Subject: Re: Program recovery using checkpointing
To: Ignatios Souvatzis <ignatios@cs.uni-bonn.de>
From: Antti Kantee <pooka@cs.hut.fi>
List: tech-kern
Date: 03/13/2005 22:02:54
On Fri Mar 11 2005 at 12:38:14 +0100, Ignatios Souvatzis wrote:
> On Thu, Mar 10, 2005 at 06:15:11AM -0800, Kamal R. Prasad wrote:
> > Hello, 
> > 
> >  I have written a paper (and submitted to USENIX). 
> > 
> > A copy of the paper is available at:-
> > ftp.netbsd.org:/pub/NetBSD/misc/prasad/paper_1.pdf
> > 
> > The src code based on dragonflybsd is available at:-
> > ftp.netbsd.org:/pub/NetBSD/misc/prasad/mypatch.tar.gz
> > 
> > Pl. feel free to use/port it -and if you have any
> > questions, pl. let me know.
> 
> That author will speak up himself, I guess, but: what are the
> architectural differences to kernel- assisted but application
> driven checkpointing as described in [1]?
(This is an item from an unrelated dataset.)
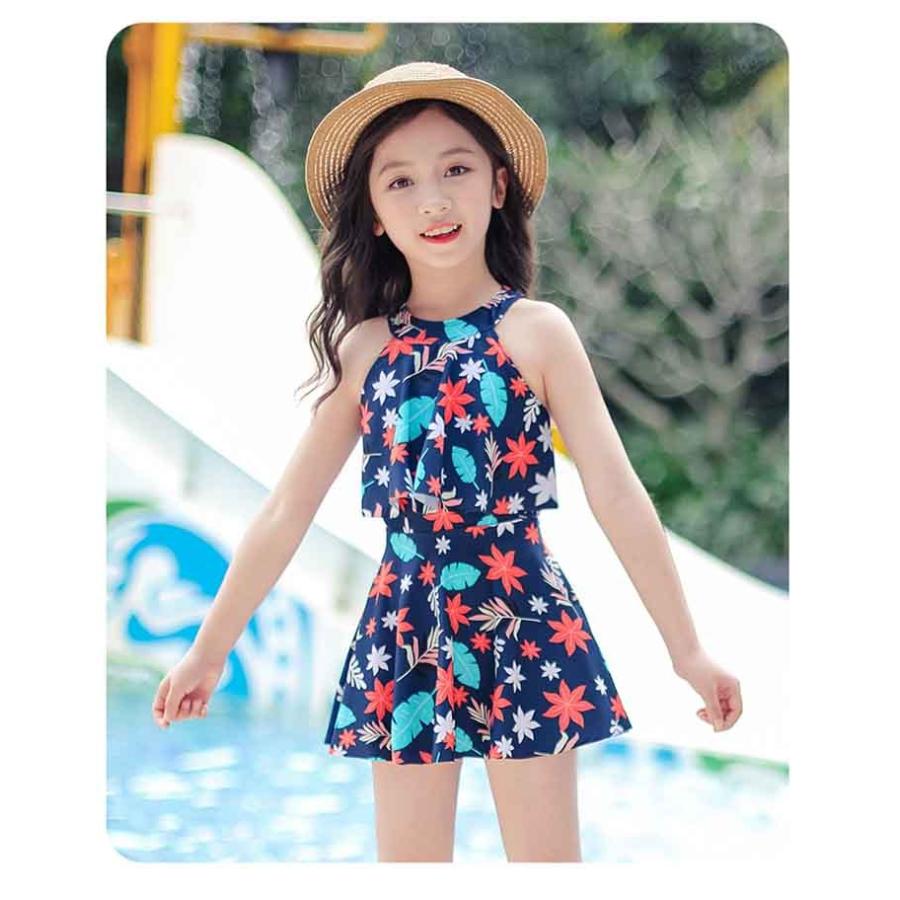 子供 女の子 水着 ワンピース キッズ 女の子 水着 セパレート パンツ付き 子供 水着 子供 ジュニア 女の子 プール スイムウェア キュート 可愛い ビーチ Y アユストア 通販 Yahoo ショッピング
I fiddled around with checkpointing and process migration for my master's
thesis and ended up noticing that everything is nice and fine before you
start doing i/o (big surprise there).  So to make a long story short I
ended up doing checkpointing at the user level, but adding some kernel
optimizations for saving only the deltas of the memory space between
each checkpoint.

Of course I wasn't aiming for an "exact" checkpoint, only a "semantic"
checkpoint.  After all, if you're doing checkpointing from the program
code, you might as well exploit the fact that the program knows its
own behaviour.

But, AFAICT, the proposed method is also application-driven checkpointing,
since it provides a programming interface instead of operating
transparently in the background.

> [1] Antti Kantee: Using Application-Driven Checkpointing Logic
> for Hot Spare High Availability, proceedings of the 3rd European
> BSD Conference, Karlsruhe 2004,
> http://www.eurobsdcon2004.de/uploads/media/EBSD04_36.pdf
> Karlsruhe

Should anyone be interested, the entire story containing a bit more
mumbling and rambling is available at:
http://www.cs.hut.fi/~pooka/school/thesis/

-- 
Antti Kantee <pooka@iki.fi>                     Of course he runs NetBSD
http://www.iki.fi/pooka/                          http://www.NetBSD.org/
                        "The dish washer returns!"